→ Exercise aim:
Nothing but the lines from the start of the entries below through the line containing "75 Powell Ave, Springfield, MA" should appear in the answer, copied exactly and free of pictures.

→ Material supplied:
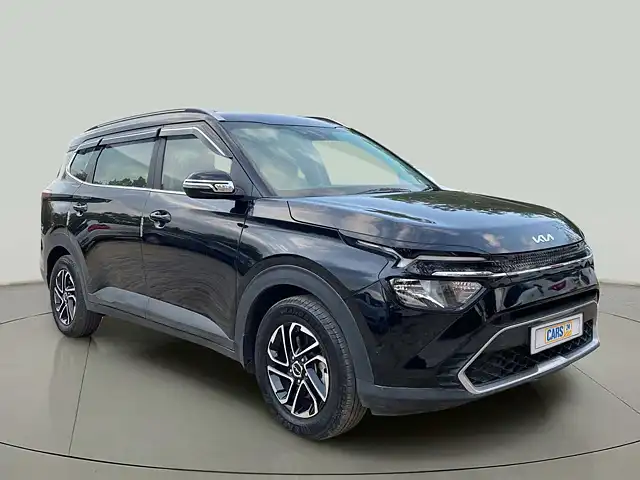 Used 2022 Kia Carens in Ahmedabad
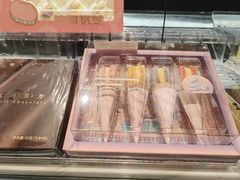 -七鲜超市(瑞虹天地太阳宫店)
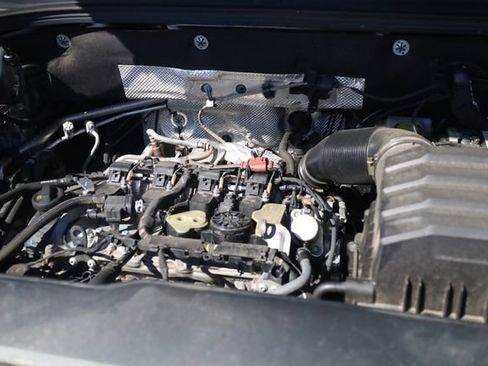 Used 2025 Volkswagen Atlas SE image 8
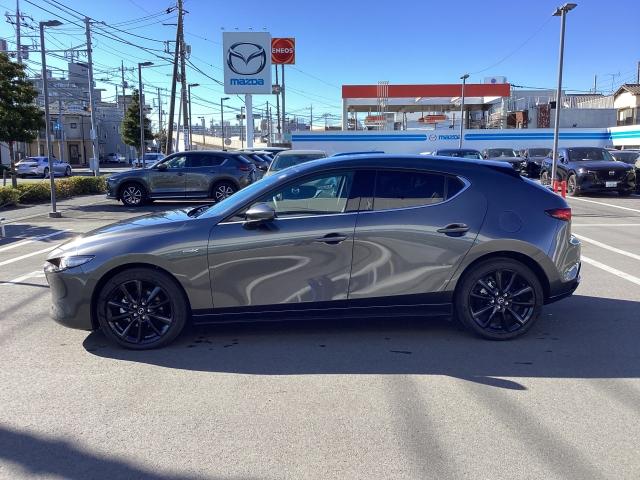 MAZDA3ファストバック 2.0 X ツーリング バーガンディレザーパッケージ 4WD 360ビューモニター カープレー BOSEスピーカー ワイヤレス充電 ステアリングヒーター シートヒーター スムースレザーシート (40枚目)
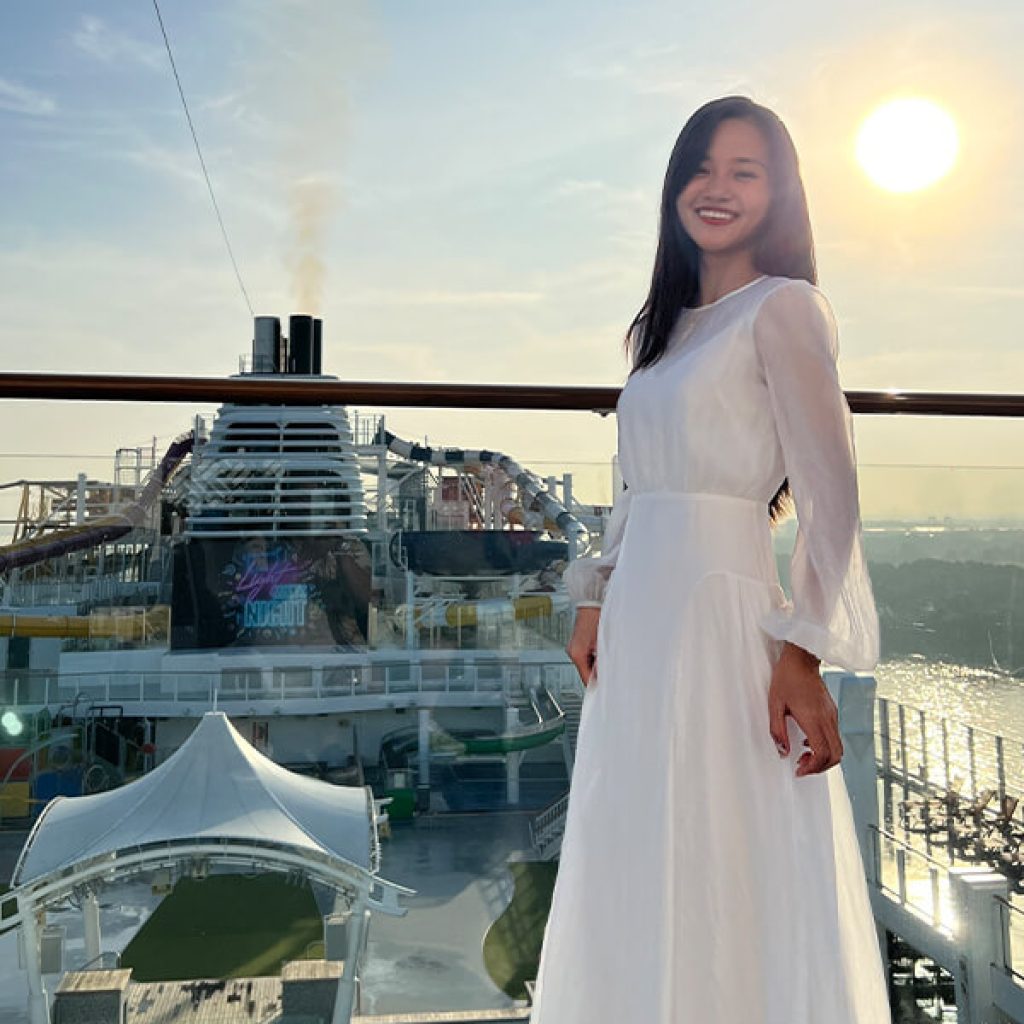 Du Thuyền Á Châu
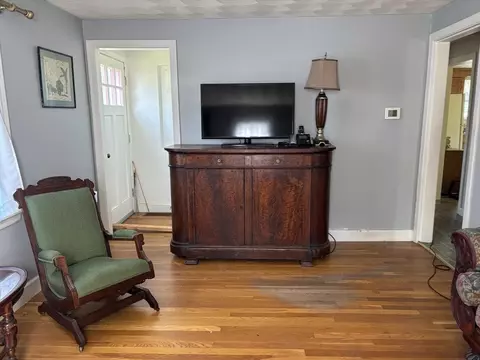 75 Powell Ave, Springfield, MA 01118 photo 12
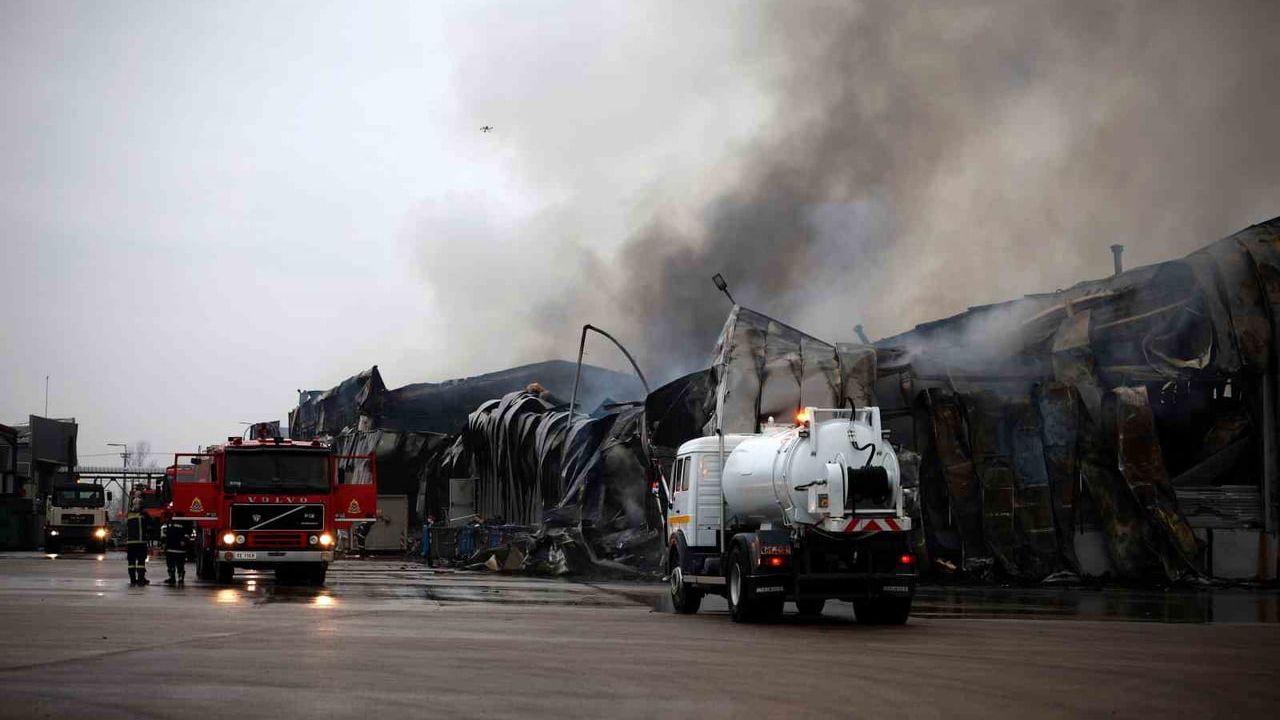 Yunanistan'da Bisküvi Fabrikasında Yangın: 4 Kişi Hayatını Kaybetti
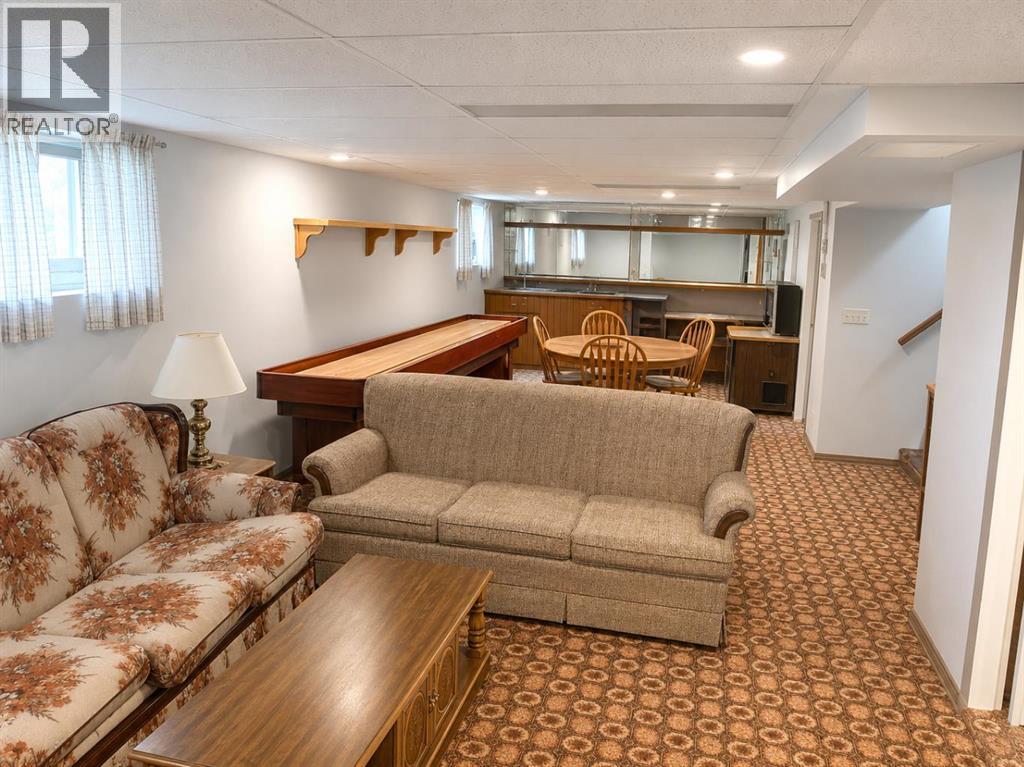 110 Howard Street Property Photo 20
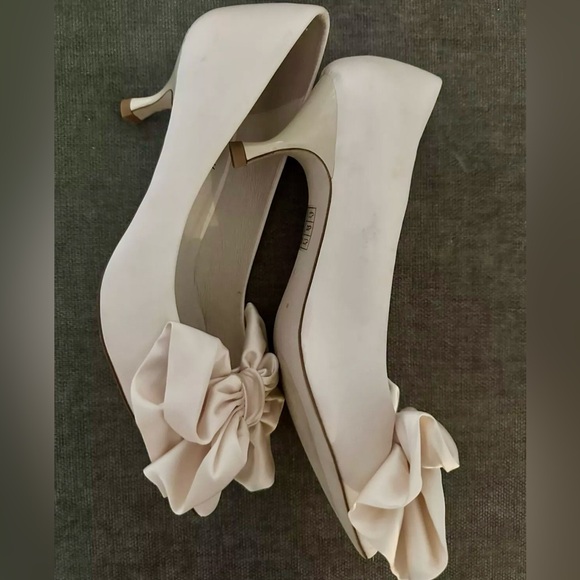Jeffrey Campbell Polina Ivory Heels Size 7 - Picture 3 of 6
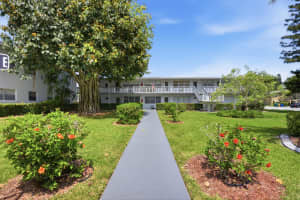 98 Cambridge E, West Palm Beach, FL 33417, - MLS#B26039726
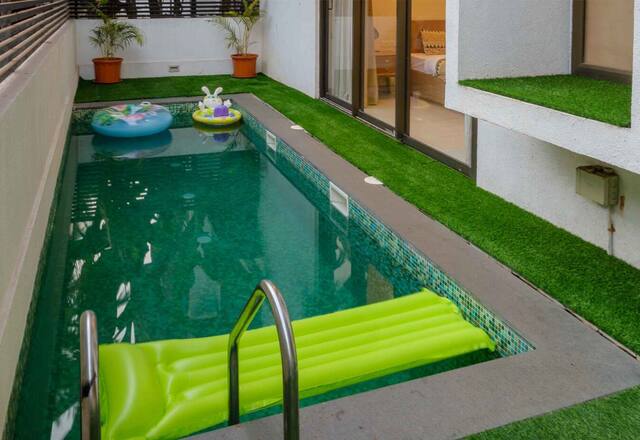 Ultra Luxury 3 BHK Private Pool Apartment photo 2
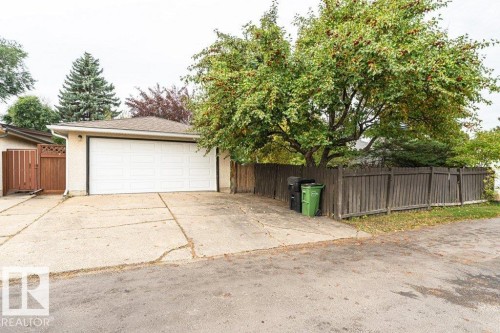 3543 106A Street Nw, Edmonton, AB 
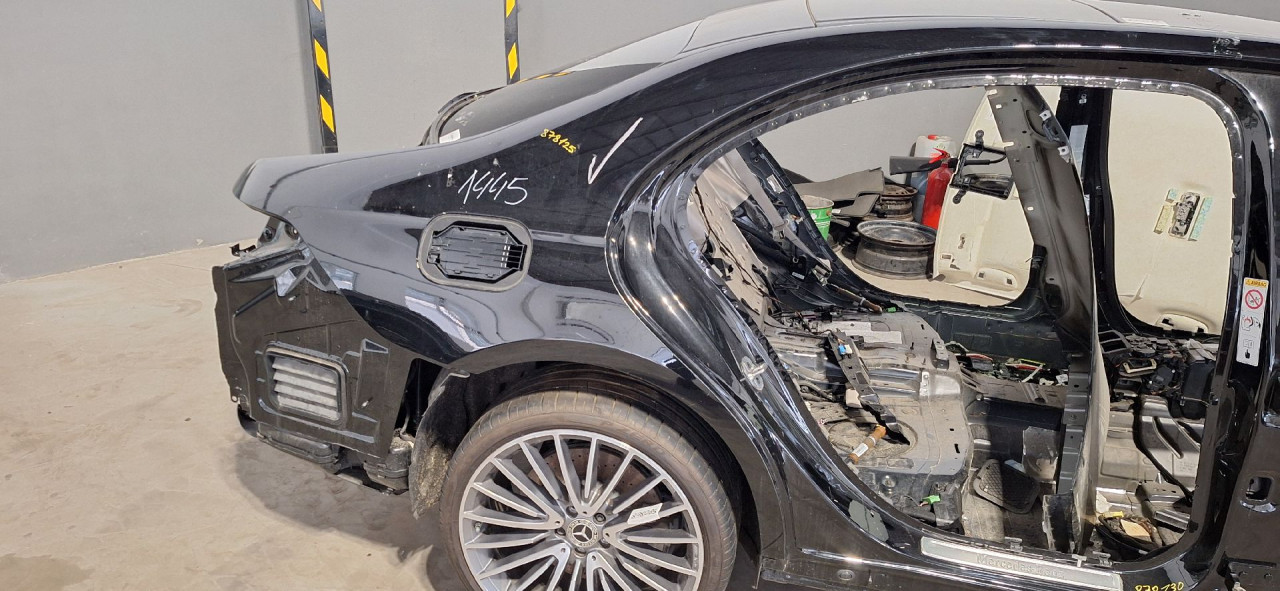 DIJELOVI POLUSTRANICA MERCEDES S KLASA (W223/V223) > 20- 3.0
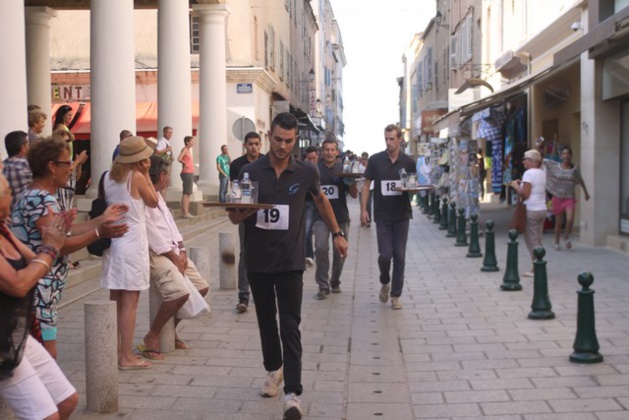 La course des garçons de café de L'Ile-Rousse à Benoît La course des garçons de café de L'Ile-Rousse à Benoît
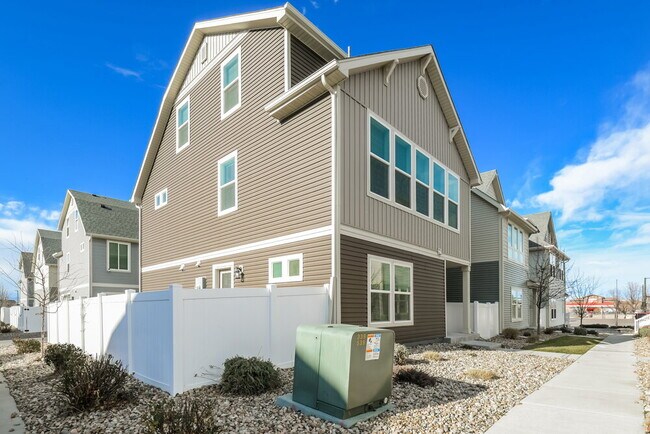 Building Photo - 18577 E 47th Pl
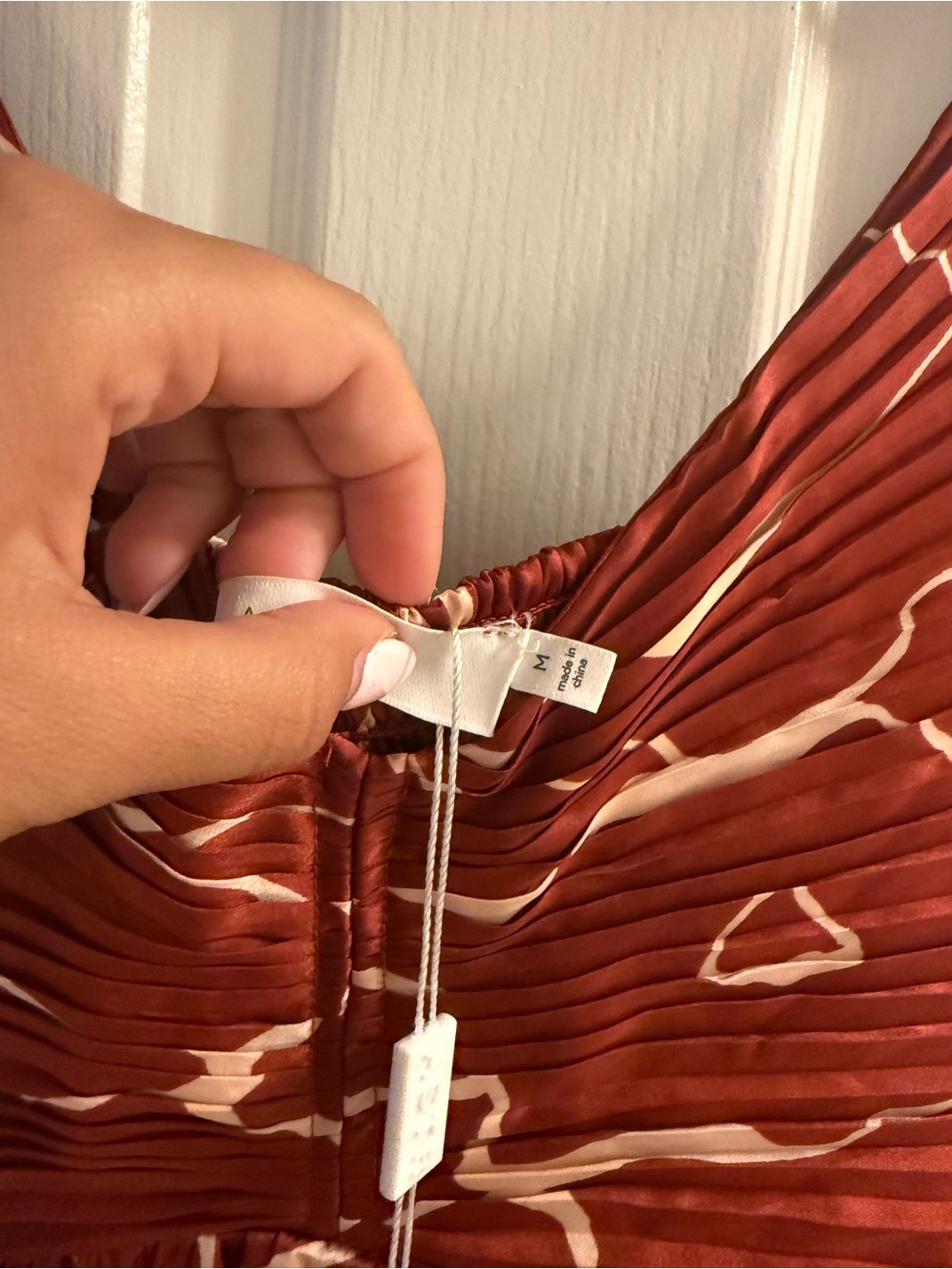 Astr Rust Red Floral Midi Dress with Cream Accents - Picture 4 of 5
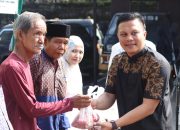 Peringati Idul Adha, Kapolres Muara Enim Berbagi Daging Kurban Kepada masyarakat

→ Written solution:
 Used 2022 Kia Carens in Ahmedabad
 -七鲜超市(瑞虹天地太阳宫店)
 Used 2025 Volkswagen Atlas SE image 8
 MAZDA3ファストバック 2.0 X ツーリング バーガンディレザーパッケージ 4WD 360ビューモニター カープレー BOSEスピーカー ワイヤレス充電 ステアリングヒーター シートヒーター スムースレザーシート (40枚目)
 Du Thuyền Á Châu
 75 Powell Ave, Springfield, MA 01118 photo 12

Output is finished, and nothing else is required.